五輪金メダリストが薦める 「セカンドキャリア」
1998年長野五輪のスピードスケート金メダリスト・清水宏保さん(36歳)が、朝日新聞夕刊に月イチで寄稿されているコラム『ロケットトーク』に、本校在学生の方はもとより、本校への出願を考えているみなさんの将来をも勇気づけてくれるお話が載っていましたので、全文を紹介しましょう。
「予防医学をセカンドキャリアに」
(2010年8月31日朝日新聞夕刊/ロケットトークより)
夏の高校野球が終わった。沖縄に優勝旗が渡る感動的な幕切れを見ながら、僕は少し別のことを考えていた。
セカンドキャリアだ。甲子園に出た選手でも、全員がプロ、大学、社会人で野球を続けられるわけではない。プロに入ったとしても、1軍でスター選手となり野球をやめても生活に困らない金額を稼ぎ出せるのはほんの一握りだ。いつかはセカンドキャリアのことを考えなければならない時がくる。
僕は今、北海道・帯広市の人材育成プロジェクトのリーダーを任されている。スケートリンクを小学生から実業団の選手までが利用し、スピードスケートの人材を育てていこうという構想だ。栄養学、スポーツ医学、心理学なども取り入れて、選手を育てようとしている。その中で当初、欠けていたものがあった。予防医学だ。

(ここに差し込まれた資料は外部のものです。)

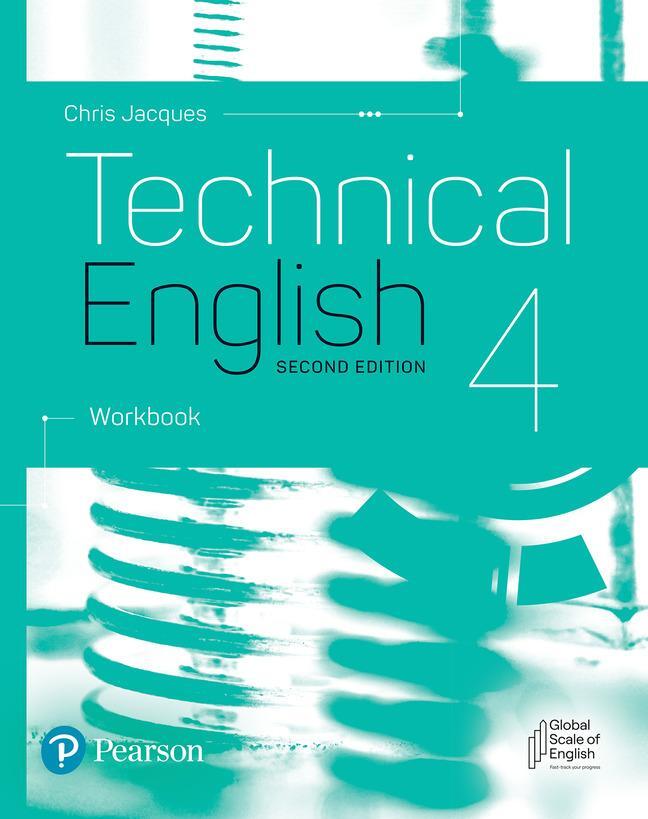 Cover: 9781292424538 | Technical English 2nd Edition Level 4 Workbook | Christopher Jacques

親が小学生にスケートをやらせ、ケガをしてから病院のお世話になる例が多い。過度な練習のためだ。これは、スケートに限ったことではない。野球では肩、ひじ。サッカーでは、ひざを故障する若年者が多くいる。これを予防医学でなんとか食い止められないか。
それには予防医学の人材が必要だ。スポーツ選手のセカンドキャリアとしてはこの分野はうってつけではないだろうか。鍼灸師やマッサージの国家資格を取り、予防医学の知識を得て、選手のケガを未然に防ぐ。自分の経験を伝えることもできる。この需要を全国に広げていきたい。国家資格を取るために、国が援助を考えることがあってもいいだろう。
セカンドキャリアとしてはアスレティックトレーナーの資格を取り、生涯スポーツに貢献するという方法もある。喘息も運動で改善されることが証明されている。スポーツ選手のセカンドキャリアが人々の生活改善に役立つという好循環が生まれるよう、僕も微力を尽くしていきたい。